02 Outubro 2020
Às vésperas de um novo acordo dos países da União Europeia (UE) sobre asilo e migração, 14 organismos ecumênicos entregaram, no dia 25 de setembro, em Bruxelas, documento em que advogam uma recepção mais digna, proteção e cuidado às pessoas em movimento, que deixam seus países de origem por causas várias, como guerra, conflitos internos, perseguições e fome.
A reportagem é de Edelberto Behs, jornalista.
Com o pano de fundo o incêndio do campo de Moriá, na Ilha de Lesbos, ocorrido no dia 8 de setembro e que desalojou 13 mil migrantes, as organizações ecumênicas lamentam a “contínua negativa da União Europeia e seus Estados membros de assumirem suas obrigações internacionais de proteção dos refugiados”. Estados da Europa fizeram entender que o acordo da EU-Turquia, em 2016, tivesse resolvido os desafios do deslocamento de pessoas em movimento rumo ao continente europeu, mas, na verdade, “fecharam as portas (e os olhos) da Europa”.
O documento das igrejas foi entregue, pessoalmente, pelo secretário-geral da Conferência das Igrejas Europeias, Dr. Jorgen Skov Sorensen, e pelo secretário-geral da Comissão das Igrejas para Migrantes na Europa, Dr. Torsten Moritz, nas mãos de Vangelis Demiris, membro do gabinete da vice-presidente da comissão, Margaritis Schinas, que coordena os trabalhos envolvendo o Novo Pacto sobre Migração e Asilo, segundo o serviço de imprensa do Conselho Mundial de Igrejas.

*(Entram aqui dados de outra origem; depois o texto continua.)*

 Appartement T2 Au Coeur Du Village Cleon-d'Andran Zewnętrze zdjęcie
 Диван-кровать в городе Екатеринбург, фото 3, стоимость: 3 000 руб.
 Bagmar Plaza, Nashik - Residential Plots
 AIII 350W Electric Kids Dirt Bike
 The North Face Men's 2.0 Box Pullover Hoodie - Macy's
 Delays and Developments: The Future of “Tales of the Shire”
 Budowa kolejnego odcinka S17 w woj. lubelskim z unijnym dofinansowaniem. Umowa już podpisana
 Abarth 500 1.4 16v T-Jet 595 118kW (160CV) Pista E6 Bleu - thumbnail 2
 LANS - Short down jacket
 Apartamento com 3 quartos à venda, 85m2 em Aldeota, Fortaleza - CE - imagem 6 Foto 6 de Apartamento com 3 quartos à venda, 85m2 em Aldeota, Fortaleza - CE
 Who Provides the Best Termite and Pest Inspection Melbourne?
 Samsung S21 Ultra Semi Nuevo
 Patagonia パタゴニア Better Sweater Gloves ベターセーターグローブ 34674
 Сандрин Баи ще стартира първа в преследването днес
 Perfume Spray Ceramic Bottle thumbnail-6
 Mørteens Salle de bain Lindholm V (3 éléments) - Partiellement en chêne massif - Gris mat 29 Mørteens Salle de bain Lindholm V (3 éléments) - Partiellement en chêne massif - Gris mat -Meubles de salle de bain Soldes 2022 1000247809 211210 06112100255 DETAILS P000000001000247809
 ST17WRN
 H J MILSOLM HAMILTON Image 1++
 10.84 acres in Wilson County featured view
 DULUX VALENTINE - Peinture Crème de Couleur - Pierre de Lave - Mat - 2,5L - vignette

O texto lembra que a migração é parte integrante da história e da experiência humana. Frisa que Jesus também foi um migrante, quando sua família se refugiou no Egito ao fugir do rei Herodes que queria matá-lo. O Mestre também viveu sob a ocupação romana, que privou povos de sua liberdade e pisoteou sua dignidade.
“Cremos que nossa vocação como cristãos e igrejas nos obriga a acolher o estrangeiro como resposta a Jesus. Ao reconhecer Cristo no rosto do estrangeiro, começamos a transformar a situação de ‘nós’ e ‘eles’ numa nova relação de ‘nós’; o encontro se converte em benção e nos fazemos humanos juntos”, proclamam os organismos ecumênicos.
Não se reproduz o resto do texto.